Records contained in a dataset:
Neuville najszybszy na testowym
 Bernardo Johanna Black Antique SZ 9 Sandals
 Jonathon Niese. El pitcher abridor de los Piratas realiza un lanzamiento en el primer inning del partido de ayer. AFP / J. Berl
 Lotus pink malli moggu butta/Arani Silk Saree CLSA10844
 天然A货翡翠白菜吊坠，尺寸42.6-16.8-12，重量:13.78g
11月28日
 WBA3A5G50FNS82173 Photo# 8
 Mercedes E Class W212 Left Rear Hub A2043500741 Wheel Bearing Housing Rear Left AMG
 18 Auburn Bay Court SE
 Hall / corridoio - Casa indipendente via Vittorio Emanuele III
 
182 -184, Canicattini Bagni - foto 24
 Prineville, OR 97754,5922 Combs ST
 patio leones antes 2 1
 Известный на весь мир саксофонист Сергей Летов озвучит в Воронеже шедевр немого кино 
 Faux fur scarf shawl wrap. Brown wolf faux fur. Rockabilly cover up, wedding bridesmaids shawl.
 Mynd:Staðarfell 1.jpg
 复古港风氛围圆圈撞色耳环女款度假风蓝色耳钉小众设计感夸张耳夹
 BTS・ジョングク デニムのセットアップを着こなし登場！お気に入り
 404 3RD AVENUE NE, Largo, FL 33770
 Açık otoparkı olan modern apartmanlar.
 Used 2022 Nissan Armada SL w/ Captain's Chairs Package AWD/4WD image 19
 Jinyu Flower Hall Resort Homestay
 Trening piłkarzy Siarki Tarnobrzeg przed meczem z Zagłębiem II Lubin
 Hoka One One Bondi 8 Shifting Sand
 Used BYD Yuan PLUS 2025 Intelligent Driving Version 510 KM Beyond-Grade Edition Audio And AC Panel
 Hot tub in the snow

**EXERCISE BRIEF:**
In the entries above, find the line with "WBA3A5G50FNS82173 Photo# 8" and the line with "Hoka One One Bondi 8 Shifting Sand", then set down exactly those two and every line between them, nothing else.

**ANSWER FOR THE TASK:**
 WBA3A5G50FNS82173 Photo# 8
 Mercedes E Class W212 Left Rear Hub A2043500741 Wheel Bearing Housing Rear Left AMG
 18 Auburn Bay Court SE
 Hall / corridoio - Casa indipendente via Vittorio Emanuele III
 
182 -184, Canicattini Bagni - foto 24
 Prineville, OR 97754,5922 Combs ST
 patio leones antes 2 1
 Известный на весь мир саксофонист Сергей Летов озвучит в Воронеже шедевр немого кино 
 Faux fur scarf shawl wrap. Brown wolf faux fur. Rockabilly cover up, wedding bridesmaids shawl.
 Mynd:Staðarfell 1.jpg
 复古港风氛围圆圈撞色耳环女款度假风蓝色耳钉小众设计感夸张耳夹
 BTS・ジョングク デニムのセットアップを着こなし登場！お気に入り
 404 3RD AVENUE NE, Largo, FL 33770
 Açık otoparkı olan modern apartmanlar.
 Used 2022 Nissan Armada SL w/ Captain's Chairs Package AWD/4WD image 19
 Jinyu Flower Hall Resort Homestay
 Trening piłkarzy Siarki Tarnobrzeg przed meczem z Zagłębiem II Lubin
 Hoka One One Bondi 8 Shifting Sand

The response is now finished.